[To do] Set the pictures aside and write down, exactly as they appear, the lines from the one containing "Bol.com Kneipp Goodbye" through the end of the material.

(Beginning of Extracted entries)

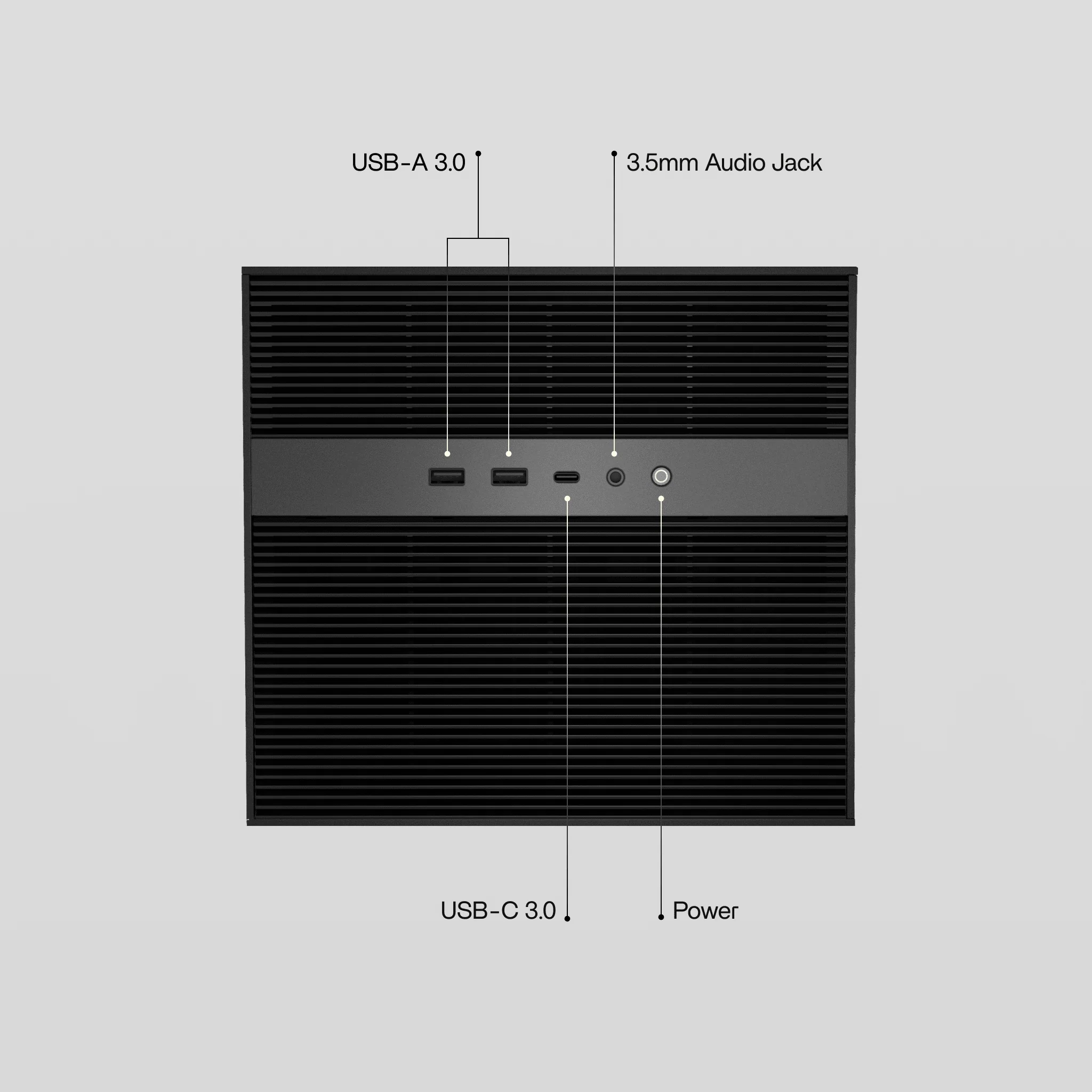ZimaCube 2 Personal Cloud NAS (In Stock) - Image 7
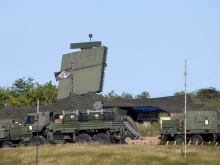 Парламентът стартира процедурата за закупуване на 3D радари за армията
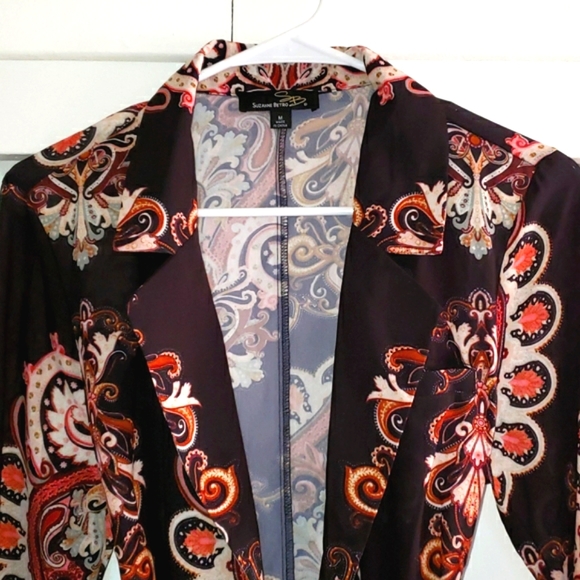 Women's Cardigan - Picture 2 of 6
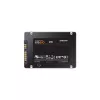 SSD diskas Samsung 2000 GB 2,5 colio SATA III MZ-77E2T0B/EU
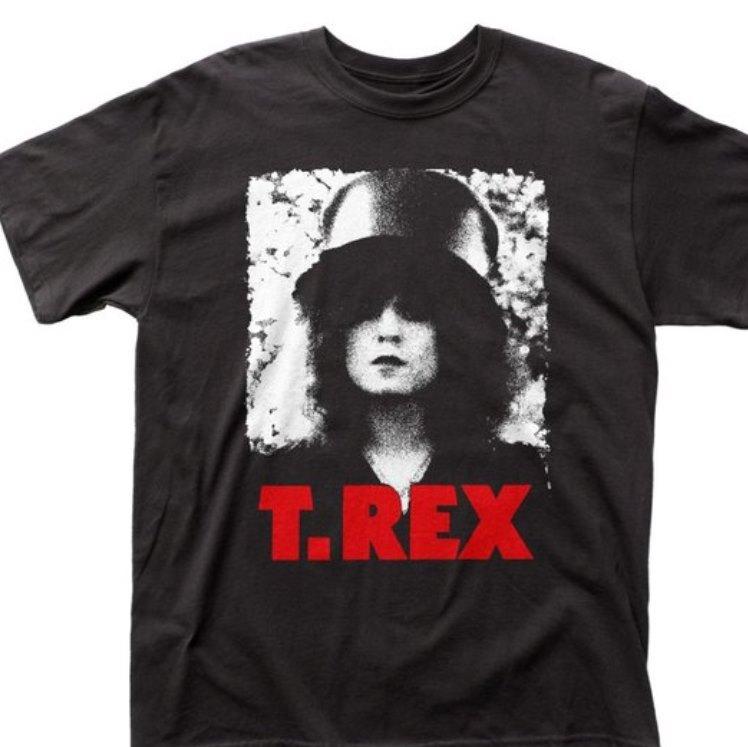 26 T-Rex Slider Mens T Shirt Black Unisex T-Shirt XXL
26 T-Rex Slider Mens T Shirt Black Unisex T-Shirt XXL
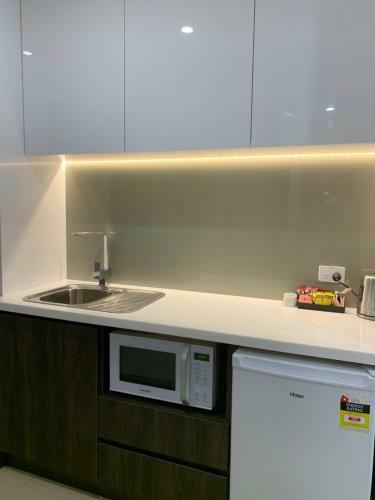 Velocity Motel & Bistro-wa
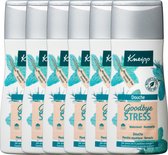 Bol.com Kneipp Goodbye Stress - Douchegel - Watermunt en Rozemarijn - Ontspannend - Vegan - Grootverpakking - Voordeelverpakking... aanbieding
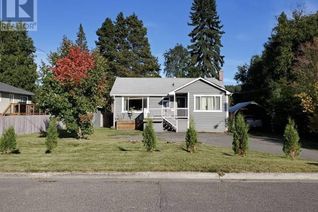 House for Sale, 2810 Pine Street, Prince George, BC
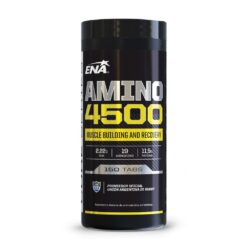 ENA AMINO 4500 X 150 TABLETAS (RECUPERACION)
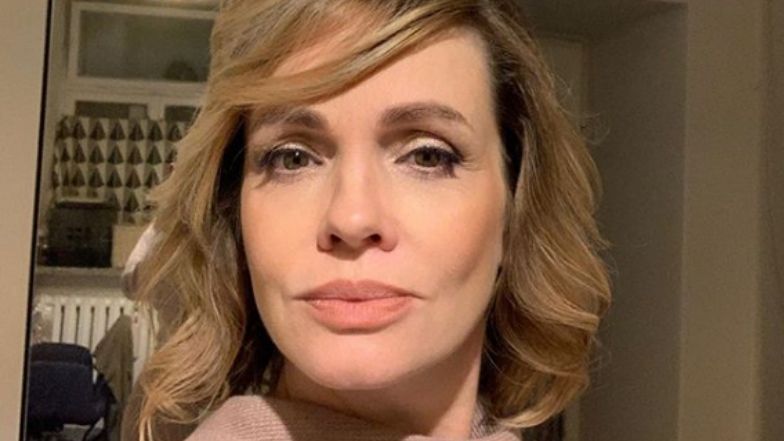 Weronika Marczuk wspomina ciążę z poważnie chorym dzieckiem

(End of Extracted entries)

[Output below]
 Bol.com Kneipp Goodbye Stress - Douchegel - Watermunt en Rozemarijn - Ontspannend - Vegan - Grootverpakking - Voordeelverpakking... aanbieding
 House for Sale, 2810 Pine Street, Prince George, BC
 ENA AMINO 4500 X 150 TABLETAS (RECUPERACION)
 Weronika Marczuk wspomina ciążę z poważnie chorym dzieckiem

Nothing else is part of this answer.